He said that he is reluctant to do this, noting that not all chases end tragically and some have the opposite result. He cited a chase in Ontario that ended with the release of a kidnapped boy.
A day earlier, the Saskatchewan Party issued a news release calling for stiffer penalties, including jail time, for drivers “who take police on dangerous, high-speed chases.”
The Saskatchewan Party is calling for legislation requiring a minimum jail sentence of three months and a maximum of two years less a day for people failing to stop for police. The driver would also lose his licence.
The Saskatchewan Party is also supporting a call by the Canadian Police Association to make failure to stop for police a Criminal Code offence. A Private Members Bill to this effect has been introduced in Parliament.
Nilson said the government will be reviewing the penalties and will look at the Saskatchewan Party suggestion.
Higher penalties will not stop people from trying to evade police, but they will ensure that those who do will be put out of circulation for a time in a place where they will not be a danger.

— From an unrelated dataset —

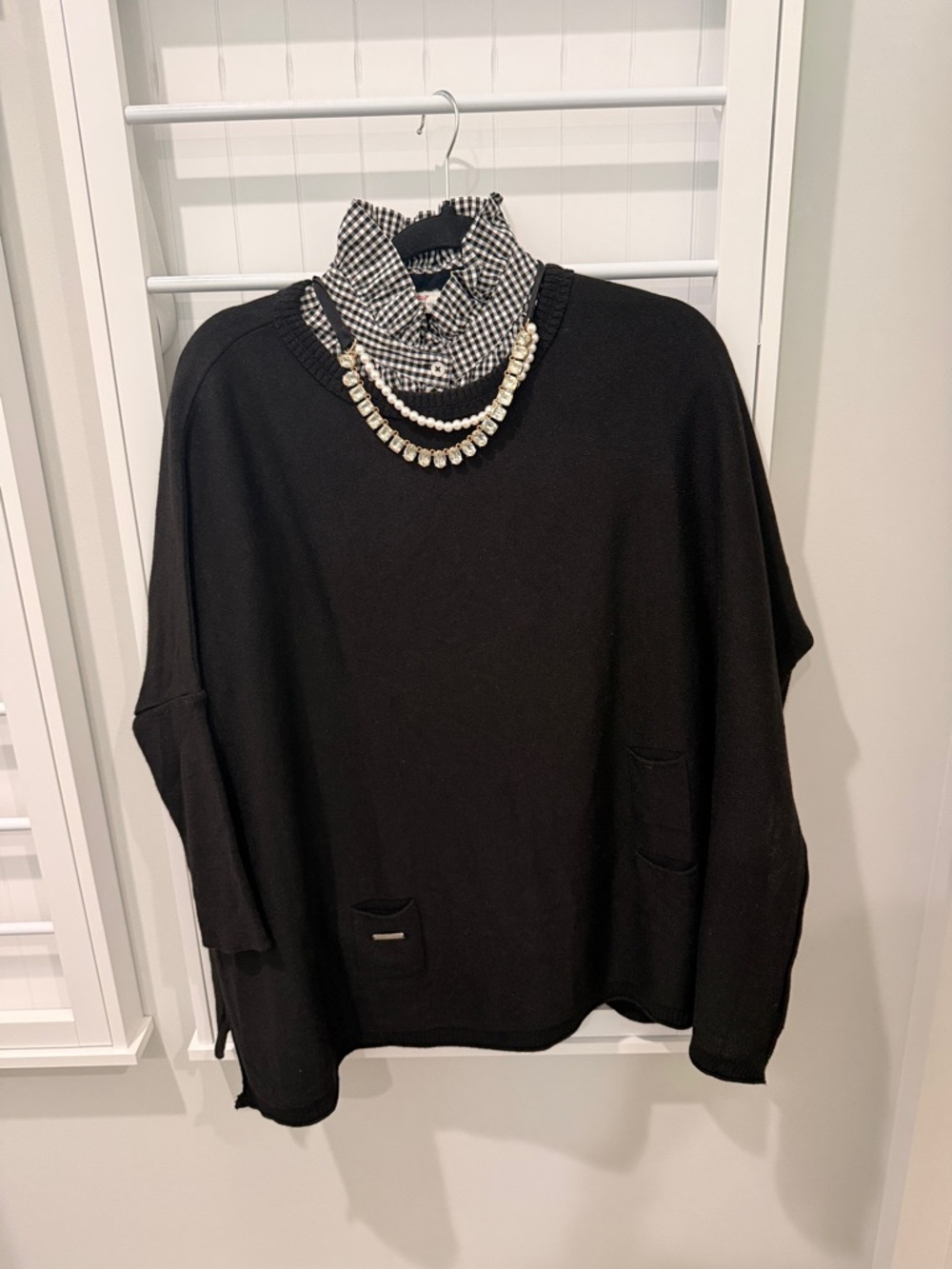Black Women's Crewneck Sweater - Relaxed Pullover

It is time for our legislators to recognize that the public is tired of playing the innocent victim and to heed the call from those who are seeking harsher sentences for those who evade police.
Once such legislation is in place, as we hope it will be soon, judges must be encouraged to use it to its fullest.
Innocent victims such as the Nordholms must be protected and, when people were killed as they were, the offenders must feel the censure of society through application of the full weight of the law.